ONE – Because Fine Gael are kicking back and won’t scrap the charges and metering. We’ll force them.
TWO – To remind everyone that people power, direct action and mass protest, was decisive in this campaign and not lobbying in the Dáil (and definitely not Fianna Fáil!)
THREE – Because since Fianna Fáil and the Greens first put water charges into their programme for government in 2009, the wealth of Ireland's richest 300 hoarders has more than doubled from under €50Bn to €100Bn today.
FOUR - Because TD Alan Kelly (former Minister of Water Charges) just said ‘people want to pay for water’. Yes, he actually said this in 2017.
FIVE – To have a clear victory, to defeat the charges and the privatisation plan once and for all, to lift our spirits and spur on us to keep fighting for Justice.
And there are a lot more reasons than that.
Gathering at Heuston & Connolly stations 2pm, marching to Dame Street. Anarchist Bloc assembling at Connolly Station (2pm).
You’ve likely heard that the Oireachtas committee has gone even further, and removed reference to ‘excessive water usage’ and metering new houses, and that Minister for Water Charges and Homelessness Simon Coveney is much incensed about this development, making it clear that he won’t comply.
This underlines what we’ve already said, that the government will have to be forced to enact our will. When struggling for justice - or conquest and fame in their case – you will always get as much as you can take. In this case, it will be incredibly embarrassing for the architects and jackals of the Irish Water plan to lose after 3 long years. And not just lose, but lose to a great swarm of nobodies (that’s us) who aren’t supposed to be interfering. That pretty disastrously undermines the legitimacy of the state and its managers and their (supposed) moral authority to rule.
What kind of precedent does it set, that governments have tried to pass laws taking money from us, establishing an entire new company, and people just decided that we didn’t agree and stopped them? And not just that because this plan extends far beyond our shores, wrapped up in the global neoliberal scheme to grab natural resources for private owners and extract wealth from the working class to be distributed among the ruling class and their banking system.
The fact that ‘ordinary’ people have shut down this grand scheme with the full force of money and media and law against us sets a very dangerous precedent for those who stand in the way of universal freedom.
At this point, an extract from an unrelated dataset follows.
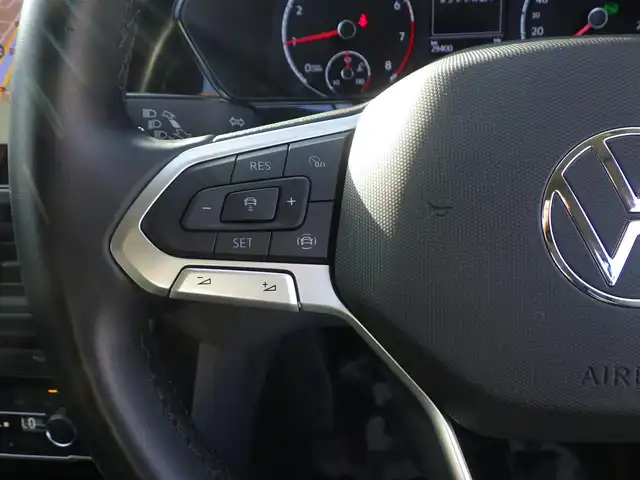 フォルクスワーゲン ＶＷ Ｔ－クロス TSI アクティブ 千葉県 2021(令3)年 3万km 黒 フロントアシスト/レーンキープアシストシステム/オキュパント・プロテクション/アダプティブクルーズコントロール/純正ナビ/バックカメラ/革巻きステアリング/ETC（2.0）/LEDヘッドライト/ウインカーミラー/コーナーセンサー/純正16インチアルミホイル/サイド/カーテンエアバッグ/スマートキー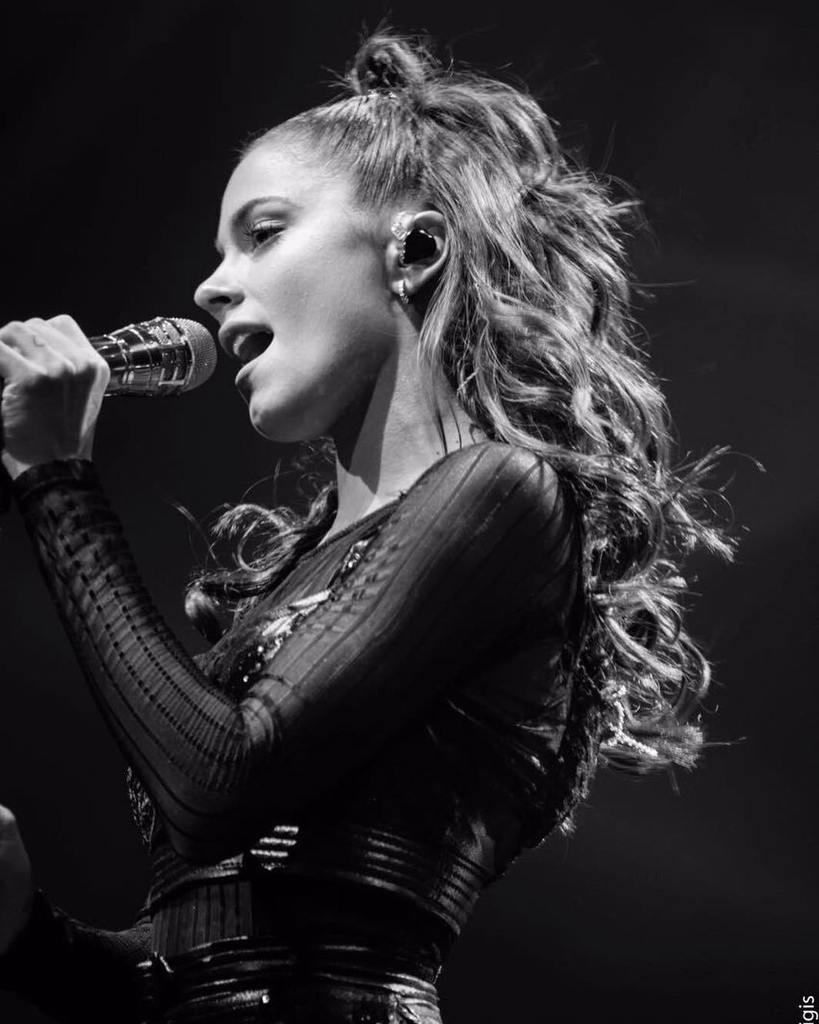 TiniStoessel's tweet photo. FALTA POCO PARA VERNOS OTRA VEZ LATINOAMÉRICA!!! Primer destino---> LIMA! 8/9/17  #GotMeStartedTour 💕🔜🔥😃🇵🇪 link en… https://t.co/8OB2dnOi3Y https://t.co/gb5nr1t7Ym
It makes you think we can probably do anything if we set our minds to it.
On Saturday 8th April we will be taking to the streets of Dublin once more in what may well be the final massive march against the water charges. Although it looks like victory on abolishing the charge is near it’s important not to lose sight of the need for an ongoing campaign demanding amnesty for all those facing prosecution for their role in the struggle.
Saturday’s march is organised by Right to Water, the trade union backed coalition that involves some of the local water charges groups around the country and the left political parties. The intention as with many previous demonstrations is for people to gather at Connolly & Heuston trains stations for two massive marches that will converge to rally on Dame St. The anarchist bloc will be meeting up at Connolly station at 14.00, join us there.
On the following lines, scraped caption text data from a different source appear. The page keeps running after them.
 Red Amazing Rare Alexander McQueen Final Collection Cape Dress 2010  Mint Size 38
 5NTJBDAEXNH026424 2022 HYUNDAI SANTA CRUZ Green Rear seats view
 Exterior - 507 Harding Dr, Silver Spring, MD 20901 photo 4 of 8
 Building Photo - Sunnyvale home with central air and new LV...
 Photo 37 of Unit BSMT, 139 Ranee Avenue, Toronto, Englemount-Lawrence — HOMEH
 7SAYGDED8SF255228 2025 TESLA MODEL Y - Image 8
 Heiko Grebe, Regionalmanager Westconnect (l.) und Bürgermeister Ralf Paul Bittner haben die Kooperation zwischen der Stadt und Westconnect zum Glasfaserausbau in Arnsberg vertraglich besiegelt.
Right to Water have been somewhat inactive since the announcement last year that water charges were suspended pending a report by a committee of politicians. With that report now due to be agreed Tuesday it was important that a mass demonstration be staged to underline that the charges were defeated by people power and not by lobbying and negotiation in the Dail. 70% of the charges were not being paid, a mass boycott at that scale would be next to impossible to defeat. All the more so in in the context of the 100s of direct actions by neighborhoods all over the country in fighting the charges over the last years demonstrating a widespread resistance not under the control of any one group.
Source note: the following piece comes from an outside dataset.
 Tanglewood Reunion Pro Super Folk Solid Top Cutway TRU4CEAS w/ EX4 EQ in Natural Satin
One significant problem with the decentralised nature of the resistance and the attempts by various parties and individuals to control it despite that has been a fair amount of mutual suspicion and hostility. While this hasn’t much impact on the big mobilisations, people come regardless of who is organising them, it is having a major impact on activists who face prosecution. It should be the case that any and all facing prosecution for water charge resistance are supported by all activists regardless of the differences that exist. That is the nature of real solidarity, solidarity is never built around only supporting your own particular sub-group in a struggle while turning a blind eye to others. If there are serious criminal consequences for any activists arising from our struggle that will have a chilling effect on all future struggles, all the more so if it appears they were not fully supported.
It’s uncertain what the total number will be like on Saturday, it’s unlikely that the demonstration will be as large as those at the peak of the struggle. The ongoing national strike by Bus Eireann workers will make it more difficult for individuals not in Dublin to take part so this may have some impact. But it was always the case that the fight against the water charge was one aspect of the fight against the neoliberal restructuring of the Irish economy that escalated with the financial crisis. The fight of the Bus Eireann strikers against race to the bottom wage and conditions cuts is also very much our fight.